Provide a character-exact reproduction of the lines from the line with "Картридж струйный Epson" to the end of the entries.

■ Extracted information:
┌──

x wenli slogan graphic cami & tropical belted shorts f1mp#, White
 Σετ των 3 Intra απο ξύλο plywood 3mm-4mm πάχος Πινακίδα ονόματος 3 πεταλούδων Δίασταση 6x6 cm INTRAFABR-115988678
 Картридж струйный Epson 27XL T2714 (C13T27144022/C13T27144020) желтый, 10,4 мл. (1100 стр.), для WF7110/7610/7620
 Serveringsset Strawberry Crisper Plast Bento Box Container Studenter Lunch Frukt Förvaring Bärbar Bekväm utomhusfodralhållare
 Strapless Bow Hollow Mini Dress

└──

■ Result of the exercise:
 Картридж струйный Epson 27XL T2714 (C13T27144022/C13T27144020) желтый, 10,4 мл. (1100 стр.), для WF7110/7610/7620
 Serveringsset Strawberry Crisper Plast Bento Box Container Studenter Lunch Frukt Förvaring Bärbar Bekväm utomhusfodralhållare
 Strapless Bow Hollow Mini Dress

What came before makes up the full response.